To substantiate the story, a misshapen ball allegedly belonging to Doubleday was discovered in a trunk left at a house once owned by Graves in Fly Creek, about three miles from Cooperstown. What is now known as the "Doubleday baseball" was considered to be the first known ball used in the first game, and Clark paid five dollars for it.

Clark, whose granddaughter, Jane Forbes Clark, is the current board chair of the Hall of Fame, used the ball to open a small baseball museum on Main Street, located across from the current Museum. At the time, a high school gymnasium sat on a portion of the property where the new museum would be constructed. The town fathers jumped on the project as a way to draw tourists to upstate New York.

Because of Clark's persistence, Ford Frick, then the National League president and a future Commissioner, prevailed on Landis to endorse the concept. By 1935, he did and that got the ball rolling.

While Hall officials established rules to vote in the first inductees, Clark, a landowner and businessman, used some of his vast fortune to construct the museum at the cost of $100,000, aiming at an opening in 1939 -- the 100th anniversary of Doubleday supposedly inventing baseball in Cooperstown. Frank Whiting, a local architect, designed the original building.

There was one big problem, though. The Doubleday story wasn't true. He was a cadet at West Point in 1839 and was nowhere near Cooperstown when he supposedly founded the game. By the time the museum opened, the Doubleday story had been debunked.

Even so, "They had bought into the Doubleday story. There was no reason for the Hall to even be there if you didn't buy into that story," said John Thorn, MLB's official historian.
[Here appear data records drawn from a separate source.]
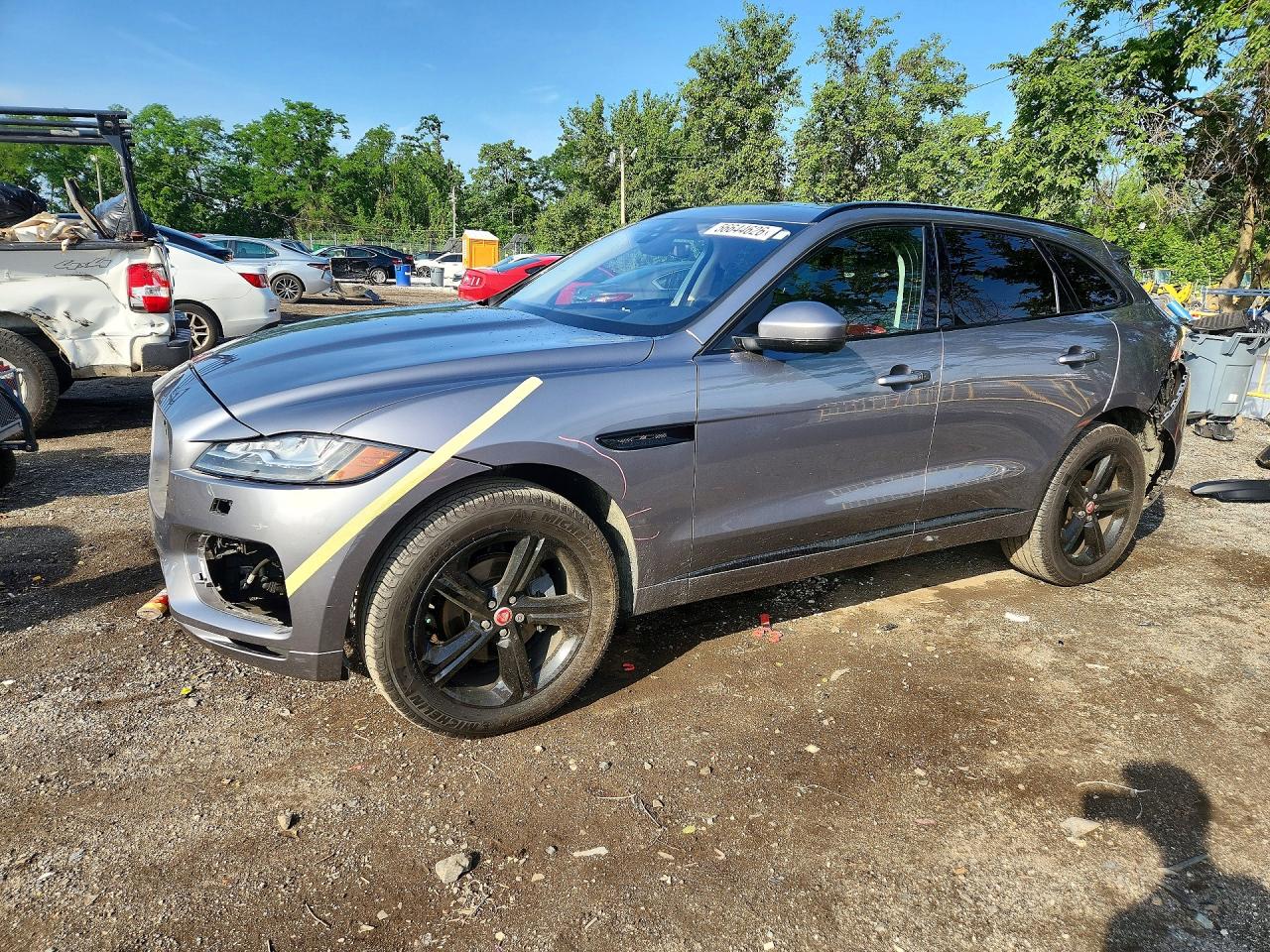 Salvage Jaguar F-PACE Image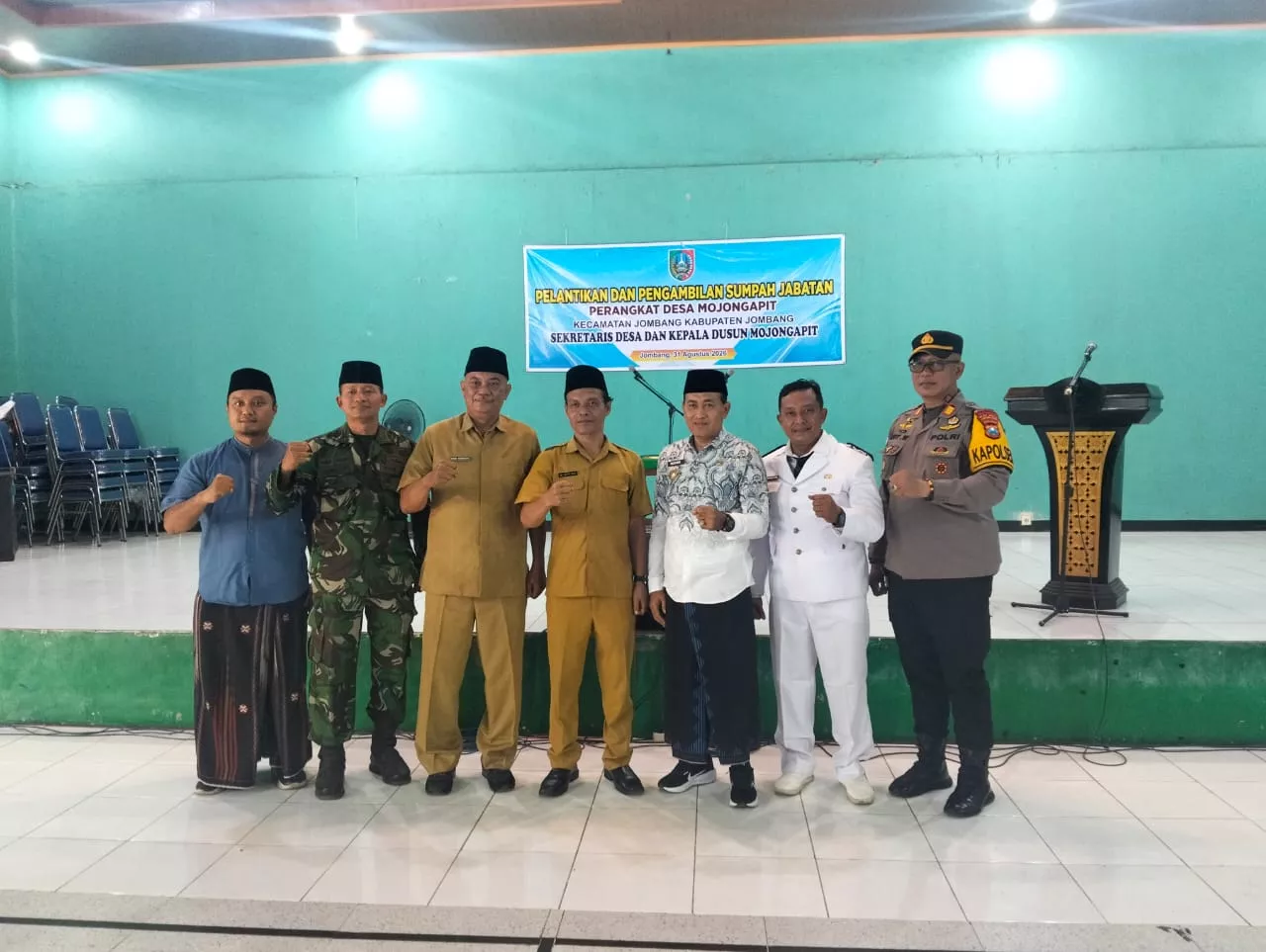 Danramil Jombang Kota Hadiri Pelantikan Perangkat Desa Mojongapit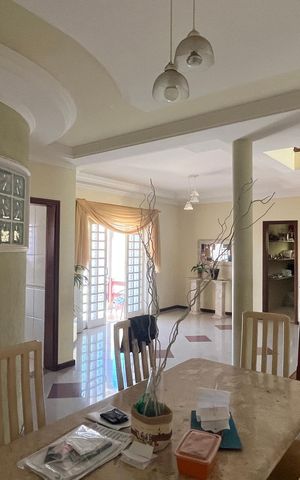 Casa à venda com 280m², 4 quartos e 4 vagas
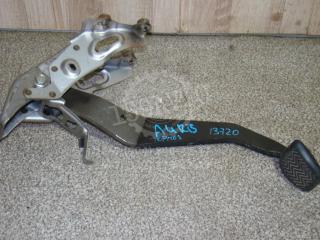 Фото запчасти педаль тормоза Toyota Auris 2007 Б/У запчасть Запчасть педаль тормоза Toyota Auris 2007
The family of Alexander Cartwright, who founded the Knickerbocker Base Ball Club of New York City, contested the Doubleday tale, saying Cartwright had in fact invented the game and was "The Father of Baseball." As a compromise, Cartwright was elected to the Hall by the Veterans Committee in 1938 and inducted with the others in 1939.

"The concession was made that Doubleday would get his building and Cartwright would get his plaque," Thorn said. "And I leave it to you to judge who got the better of the deal. In fact, later research revealed that neither should have been regarded as 'The Father of Baseball.'"

That didn't stop locals from also erecting Doubleday Field, which still stands down the street from the museum and remains named for the general. After the inaugural induction, the first Hall of Fame Game was played there and each of the 16 Major League teams sent two players to play.

Wagner and Collins chose sides, and the Wagners won, 4-2. Ruth, who retired in 1935, pinch-hit and popped out foul.